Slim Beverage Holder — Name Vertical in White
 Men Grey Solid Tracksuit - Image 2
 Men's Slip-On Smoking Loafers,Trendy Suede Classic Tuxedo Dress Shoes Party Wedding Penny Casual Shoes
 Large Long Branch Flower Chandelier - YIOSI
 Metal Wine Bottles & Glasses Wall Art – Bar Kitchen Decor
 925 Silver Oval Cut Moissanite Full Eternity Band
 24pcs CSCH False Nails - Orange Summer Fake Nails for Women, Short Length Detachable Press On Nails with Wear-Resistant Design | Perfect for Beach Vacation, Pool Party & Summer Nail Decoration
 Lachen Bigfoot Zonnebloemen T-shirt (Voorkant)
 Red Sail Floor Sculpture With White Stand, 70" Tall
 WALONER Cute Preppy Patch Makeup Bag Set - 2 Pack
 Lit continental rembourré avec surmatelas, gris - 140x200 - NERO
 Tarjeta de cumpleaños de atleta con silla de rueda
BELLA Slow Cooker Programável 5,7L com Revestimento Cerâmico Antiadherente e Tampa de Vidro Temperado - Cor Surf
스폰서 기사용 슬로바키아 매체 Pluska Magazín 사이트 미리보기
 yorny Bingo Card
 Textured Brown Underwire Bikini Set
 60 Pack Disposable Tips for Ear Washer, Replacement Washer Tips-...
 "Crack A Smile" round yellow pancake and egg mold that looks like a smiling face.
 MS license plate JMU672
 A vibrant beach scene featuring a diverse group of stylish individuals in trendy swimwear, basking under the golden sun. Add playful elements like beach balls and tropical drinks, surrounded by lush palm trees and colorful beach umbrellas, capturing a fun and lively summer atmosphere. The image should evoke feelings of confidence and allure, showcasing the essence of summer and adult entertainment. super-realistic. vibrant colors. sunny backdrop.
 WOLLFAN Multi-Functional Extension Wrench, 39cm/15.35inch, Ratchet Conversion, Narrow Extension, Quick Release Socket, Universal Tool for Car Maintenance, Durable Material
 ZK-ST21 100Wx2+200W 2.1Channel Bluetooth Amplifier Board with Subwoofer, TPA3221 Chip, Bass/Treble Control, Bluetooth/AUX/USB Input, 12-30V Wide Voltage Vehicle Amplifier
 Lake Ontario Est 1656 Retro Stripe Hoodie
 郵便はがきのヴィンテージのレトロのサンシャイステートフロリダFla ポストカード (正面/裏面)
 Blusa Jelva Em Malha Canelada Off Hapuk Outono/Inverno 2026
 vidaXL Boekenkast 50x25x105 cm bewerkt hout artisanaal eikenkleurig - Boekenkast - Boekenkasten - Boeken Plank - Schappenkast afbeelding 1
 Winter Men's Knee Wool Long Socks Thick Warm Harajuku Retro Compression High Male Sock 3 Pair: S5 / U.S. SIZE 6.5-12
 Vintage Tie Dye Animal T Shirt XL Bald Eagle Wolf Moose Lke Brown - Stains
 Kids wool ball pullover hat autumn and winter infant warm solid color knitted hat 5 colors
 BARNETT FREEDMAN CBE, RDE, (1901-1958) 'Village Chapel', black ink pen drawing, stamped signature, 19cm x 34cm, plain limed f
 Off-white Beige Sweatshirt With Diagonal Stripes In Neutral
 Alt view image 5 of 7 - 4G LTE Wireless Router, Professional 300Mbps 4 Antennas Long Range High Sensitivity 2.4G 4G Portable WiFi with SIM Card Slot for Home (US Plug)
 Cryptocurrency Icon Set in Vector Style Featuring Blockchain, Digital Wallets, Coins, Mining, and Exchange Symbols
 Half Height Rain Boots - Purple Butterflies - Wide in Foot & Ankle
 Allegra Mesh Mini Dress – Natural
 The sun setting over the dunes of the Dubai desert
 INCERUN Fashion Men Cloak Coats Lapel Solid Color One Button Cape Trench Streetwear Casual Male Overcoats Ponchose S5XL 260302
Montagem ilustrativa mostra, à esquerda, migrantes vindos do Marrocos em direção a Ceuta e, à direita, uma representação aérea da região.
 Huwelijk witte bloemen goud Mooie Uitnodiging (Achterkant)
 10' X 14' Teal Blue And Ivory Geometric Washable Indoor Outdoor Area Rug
****
- [Assignment] Wherever the string "Male" appears in the listing above, show the whole line.

- [Exercise output]
 Winter Men's Knee Wool Long Socks Thick Warm Harajuku Retro Compression High Male Sock 3 Pair: S5 / U.S. SIZE 6.5-12
 INCERUN Fashion Men Cloak Coats Lapel Solid Color One Button Cape Trench Streetwear Casual Male Overcoats Ponchose S5XL 260302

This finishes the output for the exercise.